If you take a stroll through the working neighborhoods of Turkey’s largest cities like Istanbul and Ankara, you’ll see street sellers serving steaming hot rice pilaf with chicken and chickpeas. Their two-wheeled vending carts are unmistakable, especially at lunchtime.

Rice pilaf with chicken and chickpeas, or ‘nohutlu pilavı’ (no-HOOT’-loo PEE’-lahv-uh), is popular on the streets because it’s very inexpensive. It also packs a lot of energy and nutrients if you’re working hard all day.

You can usually get a bowl of fresh pilaf and an ice-cold cup of the Turkish yogurt drink called ‘ayran’ (ai-RAHN’) for a few Turkish Lira or less.

Although it seems like a simple meal, it’s actually very delicious. Many families make it at home, especially for large gatherings. And you don’t need to make much else to go along with it.
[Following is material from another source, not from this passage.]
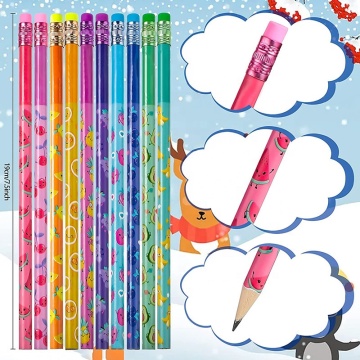 Scented HB Wood Pencils with Fruit Elements - School Stationery Party Rewards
A fresh salad will do.

Rice and dried legumes like chickpeas are staples in Turkish cuisine and are some of the most popular Turkish ingredients. Go ahead and try Turkish rice pilaf with chicken and chickpeas for a simple, delicious meal all in one pot.


  • 1 1/2 whole chicken with skin

  • 1 carrot

  • 1 onion

  • 1 (15-ounce) can chickpeas

  • 2 tablespoons unsalted butter

  • 2 tablespoons olive oil

  • 1 1/2 cups short-grain rice

  • 2 cups chicken broth

  • 1 cup water

  • 2 teaspoons salt

  • 1/2 teaspoon freshly ground black pepper

Steps to Make It

  1. Place the ½ chicken in a pot and fill it with enough water to cover the chicken by one inch. Peel the carrot and the onion and place them in the pot. Bring the water to a boil, then reduce the heat and cover the pot. Let the chicken simmer gently until the meat is falling off the bones, about 30 minutes. Set it aside to cool.

  2. When the chicken is cool enough to handle, discard the onion and carrot. Remove the chicken from the broth and separate all the meat from the bones, Discard the bones, skin, and gristle. Strain the broth through a fine wire strainer and set it aside.

  3. Drain and rinse the chickpeas and set them aside. In a large, shallow pan, melt the butter together with the oil. Add the rice and work the oils through all the grains with a wooden spoon. On low heat, continue to ‘fry’ the dry rice for a few minutes.

  4. Add the chickpeas, chicken broth, water, salt and pepper. Bring the liquid to a boil, then reduce the heat and cover. Let the rice simmer very gently on low heat until all the liquid is absorbed.

  5. Turn off the heat. Open the top of the pan and arrange the chicken pieces over the top of the cooked rice. Do this quickly as you don’t want to lose too much steam. Replace the cover and let the rice continue to steam for about 10 minutes more.

  6. When you are ready to serve it, remove the lid. Using a large bowl as a mold, arrange the chicken pieces in the bottom and up the sides of the bowl. Using the wooden spoon, fill the bowl with the hot rice and gently pack it down to make it firm. When the bowl is full, turn it upside down on your serving plate. You can garnish the top with a sprinkle of chopped fresh herbs if you wish.

  7. Serve the rice piping hot with a glass of ice cold Turkish yogurt drink, called ‘ayran’ (ai-RAHN’).